PROBLEM TO WORK ON –
Look through the data below. Pick out the lines holding the string "Black".

- - - -

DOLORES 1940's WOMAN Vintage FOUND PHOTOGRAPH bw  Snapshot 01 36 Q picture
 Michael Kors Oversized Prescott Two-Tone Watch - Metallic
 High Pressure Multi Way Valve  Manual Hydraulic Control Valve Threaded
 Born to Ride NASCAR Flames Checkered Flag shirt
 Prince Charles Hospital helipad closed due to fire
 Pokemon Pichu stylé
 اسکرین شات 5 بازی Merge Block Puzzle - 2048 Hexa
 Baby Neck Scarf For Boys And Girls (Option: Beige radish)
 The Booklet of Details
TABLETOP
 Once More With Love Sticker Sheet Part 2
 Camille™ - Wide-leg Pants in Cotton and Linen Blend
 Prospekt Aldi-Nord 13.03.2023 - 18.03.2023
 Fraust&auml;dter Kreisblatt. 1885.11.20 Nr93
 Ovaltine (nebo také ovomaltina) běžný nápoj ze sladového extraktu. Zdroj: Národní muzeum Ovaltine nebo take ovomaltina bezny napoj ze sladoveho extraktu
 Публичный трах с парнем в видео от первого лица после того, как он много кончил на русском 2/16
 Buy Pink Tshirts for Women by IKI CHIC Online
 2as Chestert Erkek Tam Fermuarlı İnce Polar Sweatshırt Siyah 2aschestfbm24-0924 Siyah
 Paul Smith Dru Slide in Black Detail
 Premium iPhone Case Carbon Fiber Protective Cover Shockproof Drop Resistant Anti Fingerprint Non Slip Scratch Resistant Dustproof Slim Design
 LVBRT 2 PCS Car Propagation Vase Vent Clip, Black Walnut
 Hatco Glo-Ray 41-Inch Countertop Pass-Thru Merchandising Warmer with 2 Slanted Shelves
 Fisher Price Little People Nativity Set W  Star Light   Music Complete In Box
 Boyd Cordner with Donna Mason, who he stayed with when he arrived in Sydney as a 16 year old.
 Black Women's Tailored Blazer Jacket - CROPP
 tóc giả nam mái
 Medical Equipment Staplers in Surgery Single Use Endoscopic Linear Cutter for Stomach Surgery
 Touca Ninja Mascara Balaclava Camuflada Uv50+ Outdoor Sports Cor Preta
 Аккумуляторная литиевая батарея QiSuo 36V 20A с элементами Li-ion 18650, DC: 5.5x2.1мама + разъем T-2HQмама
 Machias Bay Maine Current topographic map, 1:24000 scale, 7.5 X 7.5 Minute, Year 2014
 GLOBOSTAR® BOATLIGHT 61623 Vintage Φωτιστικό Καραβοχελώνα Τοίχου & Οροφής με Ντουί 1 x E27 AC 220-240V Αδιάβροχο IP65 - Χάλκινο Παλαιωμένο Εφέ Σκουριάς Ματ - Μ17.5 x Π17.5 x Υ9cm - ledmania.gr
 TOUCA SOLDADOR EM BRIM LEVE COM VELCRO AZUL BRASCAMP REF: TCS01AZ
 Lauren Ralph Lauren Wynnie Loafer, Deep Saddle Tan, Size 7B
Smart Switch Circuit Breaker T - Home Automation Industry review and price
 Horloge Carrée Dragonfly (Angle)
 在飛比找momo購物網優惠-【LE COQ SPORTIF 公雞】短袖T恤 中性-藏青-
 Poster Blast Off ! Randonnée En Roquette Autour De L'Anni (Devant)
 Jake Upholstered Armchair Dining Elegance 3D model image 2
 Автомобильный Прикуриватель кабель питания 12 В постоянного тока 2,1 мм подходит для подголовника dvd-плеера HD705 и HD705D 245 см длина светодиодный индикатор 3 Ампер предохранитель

- - - -

WRITTEN RESPONSE –
 Paul Smith Dru Slide in Black Detail
 LVBRT 2 PCS Car Propagation Vase Vent Clip, Black Walnut
 Black Women's Tailored Blazer Jacket - CROPP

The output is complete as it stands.